Rivian hasn’t delivered many of its intriguing new electric pickup trucks, but on its second day as a public company saw a 22% spike in its share price that turned the relatively small, but heavily funded upstart, into the second-most valuable U.S. automaker, trailing only Elon Musk’s Tesla.
Shares of the Irvine, California-based company jumped by $22.26 to close at $122.99 in Nasdaq trading on Thursday. That boosted its market cap to $120.5 billion, surpassing General Motors at $89.8 billion and investor Ford at $78.1 billion, companies that each sell millions of cars and trucks worldwide, operate dozens of factories and employ hundreds of thousands of people. Only Tesla, which also still just sells a fraction of the number of vehicles that GM and Ford do, has a higher market value at $1.07 trillion as of the market close.
Rivian’s IPO, the biggest for a U.S. company since Facebook’s 2012 IPO, raised about $12 billion in additional capital for a company that had already distinguished itself as the best-funded electric vehicle startup in the country, having amassed about $11 billion from investors including Amazon, Ford, Cox Automotive and T. Rowe Price through July 2021. It plans to use those funds to add more production capacity to be able to build 1 million electric vehicles annually by the end of the decade, including its R1T pickup and R1S SUV for consumers, and delivery vans for Amazon and other commercial customers.
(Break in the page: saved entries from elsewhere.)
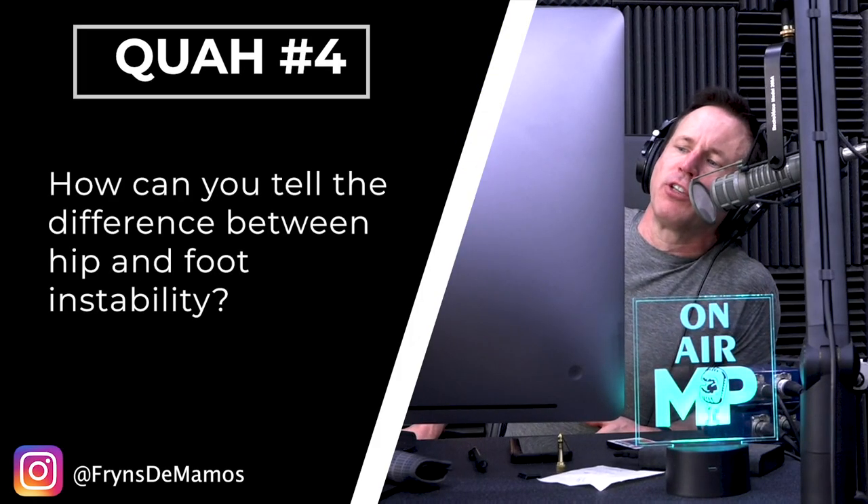Next question is from Freins to Mamos: How can you tell the difference between hip and foot instability? That's a good question. What's funny about foot and hip instability is they usually go along together. It's pretty rare you'll find one and not an issue with the other.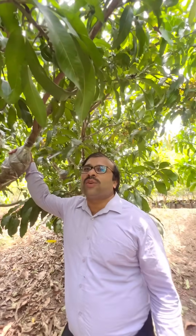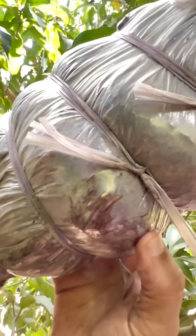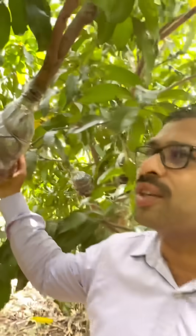Hi everyone. I am under the mother plant of Nomdatmai golden mango. Now look at this guti and see the root formation — but it's not an air layering guti. This guti is made with the reverse approach grafting.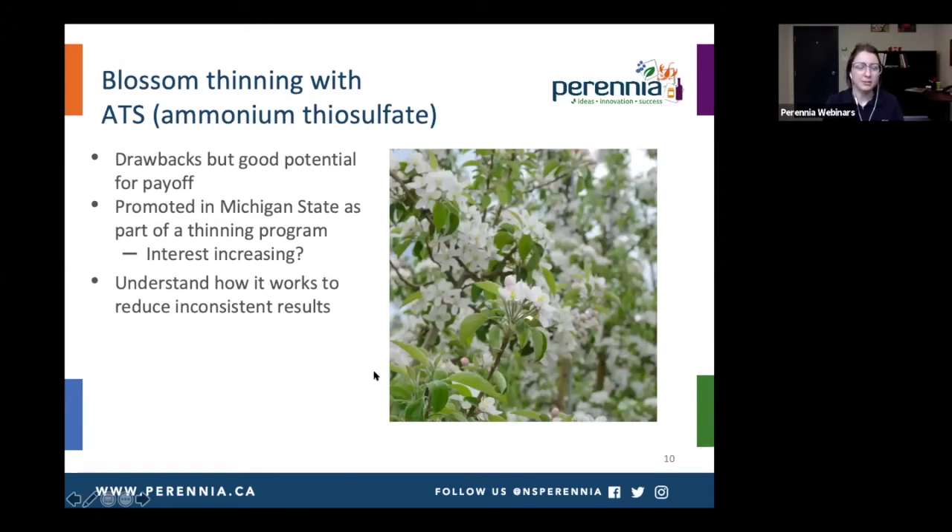Now moving on to blossom thinning with ATS — also known as ammonium thiosulfate. It has some drawbacks, but it also has good potential for payoff because it's again happening pretty early in that cell division phase. It's being promoted in other regions like Michigan State as part of their thinning program, and there's increasing interest locally, of course depending on the year and weather conditions. What I want to do today is explain how it works and how to reduce those inconsistent results we've sometimes seen.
Company founder and CEO RJ Scaringe, attributed investor excitement over its IPO to Rivian’s dual track consumer and commercial vehicle strategy.
“The products that will open the brand umbrella are our R1T and R1S. They’re going into a segment that hasn’t seen this level of innovation, this level of technology,” Scaringe said in a Bloomberg TV interview. Those vehicles are also built using a common, flexible platform that makes it relatively easy to also do commercial vehicles.
“We’ve vertically integrated the electronics in the vehicle, we vertically integrated the software stack, we built a propulsion platform that’s incredibly scalable. And a lot of that vertical integration on that platform has allowed us to go really fast on building out the commercial side of our business,” he said.
The surge in Rivian’s share price also boosted Scaringe’s net worth to at least $1 billion with today’s close.
Coincidentally, Rivian’s surge coincides with a drop in Tesla shares this week that began after Musk said he would be selling 10% of his stake, motivated in part by taxes he has to pay on options.
Tesla fell 0.4% to $1,063 in Nasdaq trading on Thursday and has dropped 13% since closing at an all-time high of $1,229.01 on Nov. 4.